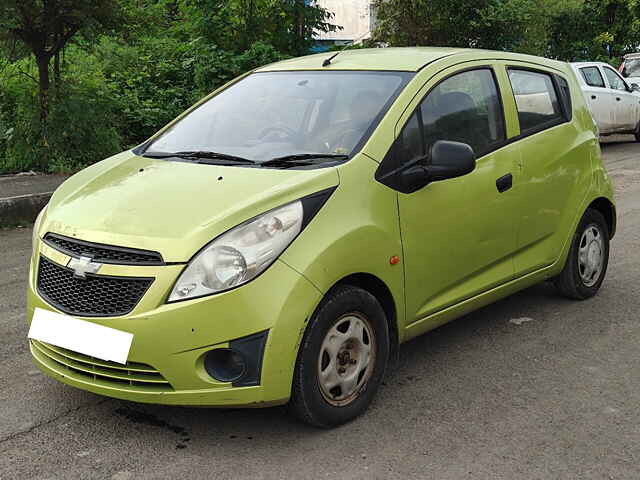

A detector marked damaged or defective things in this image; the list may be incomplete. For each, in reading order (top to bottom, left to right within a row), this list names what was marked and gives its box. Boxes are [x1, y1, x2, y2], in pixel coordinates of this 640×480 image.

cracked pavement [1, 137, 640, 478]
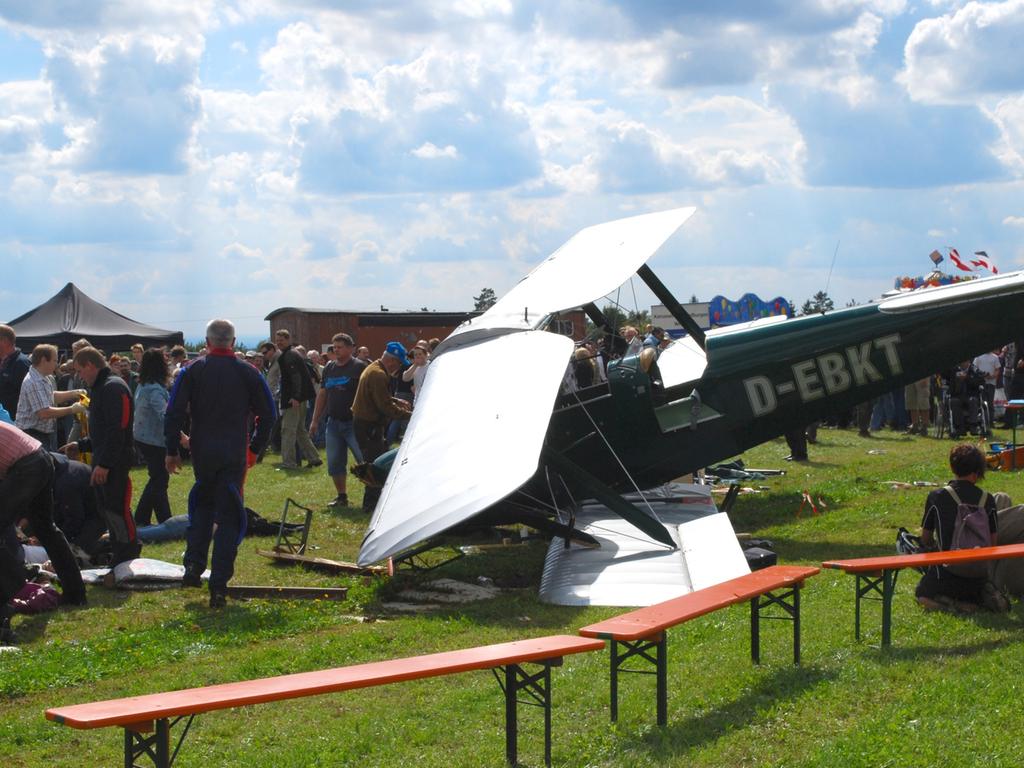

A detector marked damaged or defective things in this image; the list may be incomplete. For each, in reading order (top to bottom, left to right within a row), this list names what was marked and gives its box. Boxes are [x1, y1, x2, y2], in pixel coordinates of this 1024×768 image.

┄┄┄┄┄┄┄┄┄┄┄┄┄┄┄┄┄┄┄┄

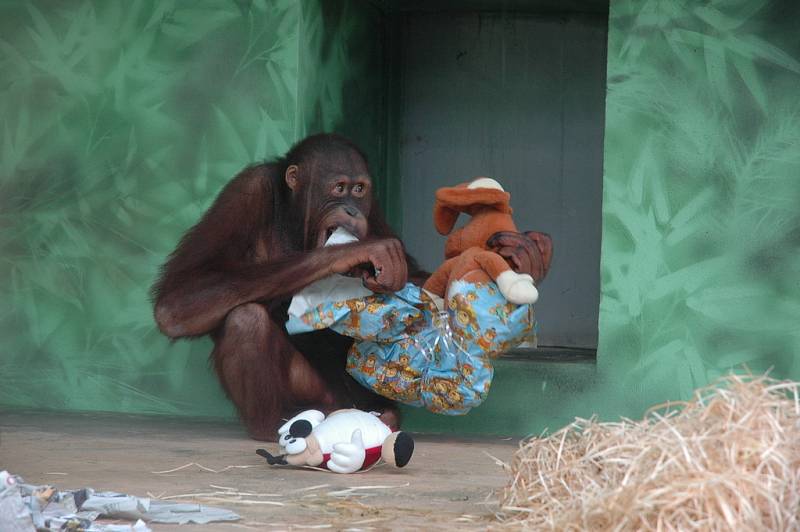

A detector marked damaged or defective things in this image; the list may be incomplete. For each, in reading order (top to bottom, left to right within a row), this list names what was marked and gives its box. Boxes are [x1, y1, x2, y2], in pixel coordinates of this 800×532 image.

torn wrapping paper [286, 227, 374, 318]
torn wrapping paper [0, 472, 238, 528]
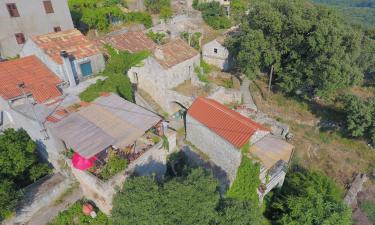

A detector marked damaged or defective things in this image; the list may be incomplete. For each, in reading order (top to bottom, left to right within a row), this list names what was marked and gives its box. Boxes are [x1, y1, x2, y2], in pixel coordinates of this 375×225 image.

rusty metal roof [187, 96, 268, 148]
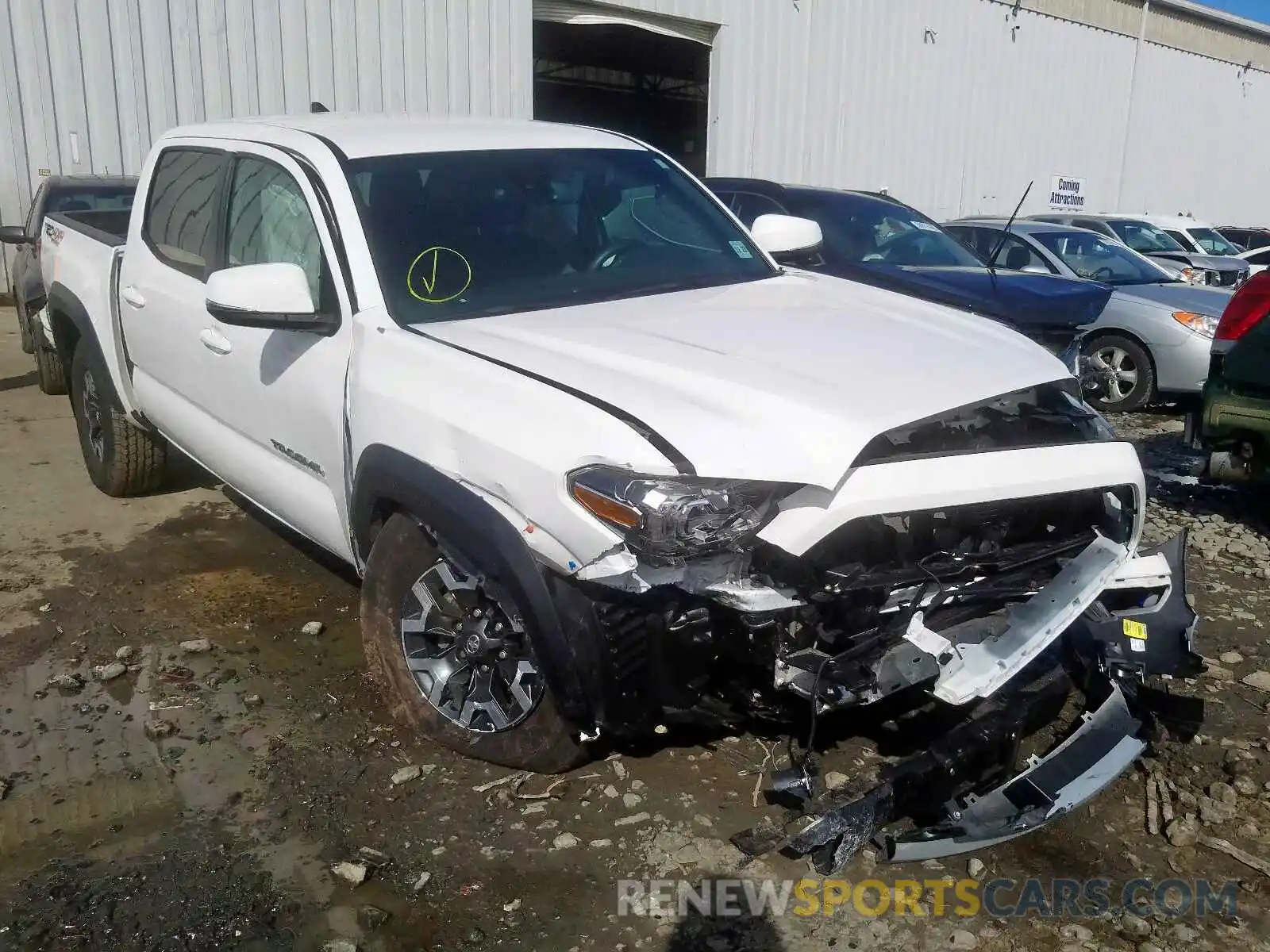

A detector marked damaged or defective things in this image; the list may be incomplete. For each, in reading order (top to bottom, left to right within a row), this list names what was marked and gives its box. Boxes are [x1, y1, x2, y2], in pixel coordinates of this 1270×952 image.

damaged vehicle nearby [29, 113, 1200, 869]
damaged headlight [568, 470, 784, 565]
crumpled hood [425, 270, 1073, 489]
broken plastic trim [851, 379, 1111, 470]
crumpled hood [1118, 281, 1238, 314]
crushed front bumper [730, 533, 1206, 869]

┄┄┄┄┄┄┄┄┄┄┄┄┄┄┄┄┄┄┄┄

**Directions for this task**
Using the listing above, repeat word for word each line from the one with "this 640×480 image." down to the one with "this 1024×768 image.", both included. Omit all pictures.

**Finished exercise**
A detector marked damaged or defective things in this image; the list may be incomplete. For each, in reading order (top to bottom, left to right within a row), this list names what was marked and gives its box. Boxes are [x1, y1, x2, y2], in pixel coordinates of this 640×480 image.

cracked pavement [1, 137, 640, 478]

A detector marked damaged or defective things in this image; the list may be incomplete. For each, in reading order (top to bottom, left to right within a row), this list names what was marked and gives its box. Boxes are [x1, y1, x2, y2], in pixel coordinates of this 1024×768 image.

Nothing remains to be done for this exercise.